### TASK STATEMENT
Two lines mark the range in the entries below: the one holding "Melania shakes the" and the one holding "A blue circle". Set down those two and all lines between them, exactly.

### TASK INPUT
┌────────

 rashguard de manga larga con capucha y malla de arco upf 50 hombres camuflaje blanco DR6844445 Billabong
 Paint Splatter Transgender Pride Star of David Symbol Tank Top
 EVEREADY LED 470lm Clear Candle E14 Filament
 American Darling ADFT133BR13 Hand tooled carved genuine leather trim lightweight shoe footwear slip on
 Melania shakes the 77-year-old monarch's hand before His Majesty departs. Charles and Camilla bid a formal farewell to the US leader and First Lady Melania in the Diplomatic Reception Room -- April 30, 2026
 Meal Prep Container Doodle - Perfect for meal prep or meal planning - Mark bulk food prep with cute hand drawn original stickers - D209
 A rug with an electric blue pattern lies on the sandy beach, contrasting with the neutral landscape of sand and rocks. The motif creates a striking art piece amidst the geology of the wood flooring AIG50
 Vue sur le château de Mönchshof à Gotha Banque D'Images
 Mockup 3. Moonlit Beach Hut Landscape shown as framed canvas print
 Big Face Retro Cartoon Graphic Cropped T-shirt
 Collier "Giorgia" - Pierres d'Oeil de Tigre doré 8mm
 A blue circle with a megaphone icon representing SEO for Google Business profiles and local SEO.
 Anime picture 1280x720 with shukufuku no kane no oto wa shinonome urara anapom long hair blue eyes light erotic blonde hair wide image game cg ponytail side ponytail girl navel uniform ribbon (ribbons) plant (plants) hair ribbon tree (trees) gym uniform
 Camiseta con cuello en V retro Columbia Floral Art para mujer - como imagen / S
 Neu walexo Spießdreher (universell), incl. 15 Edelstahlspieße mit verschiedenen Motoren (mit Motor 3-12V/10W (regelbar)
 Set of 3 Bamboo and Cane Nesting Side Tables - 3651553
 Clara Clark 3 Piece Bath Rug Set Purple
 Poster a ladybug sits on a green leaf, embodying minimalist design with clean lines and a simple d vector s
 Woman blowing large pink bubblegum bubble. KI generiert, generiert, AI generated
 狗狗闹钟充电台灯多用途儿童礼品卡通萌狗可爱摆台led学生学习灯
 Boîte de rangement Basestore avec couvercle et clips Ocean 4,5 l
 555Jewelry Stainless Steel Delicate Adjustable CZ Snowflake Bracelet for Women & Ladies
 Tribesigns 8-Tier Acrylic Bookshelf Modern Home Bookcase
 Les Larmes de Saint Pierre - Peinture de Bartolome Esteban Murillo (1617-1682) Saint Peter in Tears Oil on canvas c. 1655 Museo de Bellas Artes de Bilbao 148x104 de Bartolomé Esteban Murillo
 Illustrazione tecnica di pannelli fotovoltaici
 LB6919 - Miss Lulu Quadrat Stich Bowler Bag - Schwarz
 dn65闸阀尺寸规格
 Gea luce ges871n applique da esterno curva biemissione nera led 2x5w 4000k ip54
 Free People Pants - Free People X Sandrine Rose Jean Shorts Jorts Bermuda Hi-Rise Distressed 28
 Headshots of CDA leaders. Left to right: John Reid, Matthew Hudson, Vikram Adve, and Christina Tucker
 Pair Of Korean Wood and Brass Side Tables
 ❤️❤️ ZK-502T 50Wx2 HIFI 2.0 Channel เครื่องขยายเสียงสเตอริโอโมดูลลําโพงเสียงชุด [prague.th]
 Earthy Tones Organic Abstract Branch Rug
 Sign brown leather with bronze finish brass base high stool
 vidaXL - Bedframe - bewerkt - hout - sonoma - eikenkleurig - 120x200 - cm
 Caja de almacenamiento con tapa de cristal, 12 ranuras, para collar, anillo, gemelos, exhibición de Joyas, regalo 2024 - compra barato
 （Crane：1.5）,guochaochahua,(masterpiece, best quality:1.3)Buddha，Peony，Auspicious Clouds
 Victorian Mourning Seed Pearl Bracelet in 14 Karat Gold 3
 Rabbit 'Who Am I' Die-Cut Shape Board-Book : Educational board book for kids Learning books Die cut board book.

└────────

### ANSWER SPACE
 Melania shakes the 77-year-old monarch's hand before His Majesty departs. Charles and Camilla bid a formal farewell to the US leader and First Lady Melania in the Diplomatic Reception Room -- April 30, 2026
 Meal Prep Container Doodle - Perfect for meal prep or meal planning - Mark bulk food prep with cute hand drawn original stickers - D209
 A rug with an electric blue pattern lies on the sandy beach, contrasting with the neutral landscape of sand and rocks. The motif creates a striking art piece amidst the geology of the wood flooring AIG50
 Vue sur le château de Mönchshof à Gotha Banque D'Images
 Mockup 3. Moonlit Beach Hut Landscape shown as framed canvas print
 Big Face Retro Cartoon Graphic Cropped T-shirt
 Collier "Giorgia" - Pierres d'Oeil de Tigre doré 8mm
 A blue circle with a megaphone icon representing SEO for Google Business profiles and local SEO.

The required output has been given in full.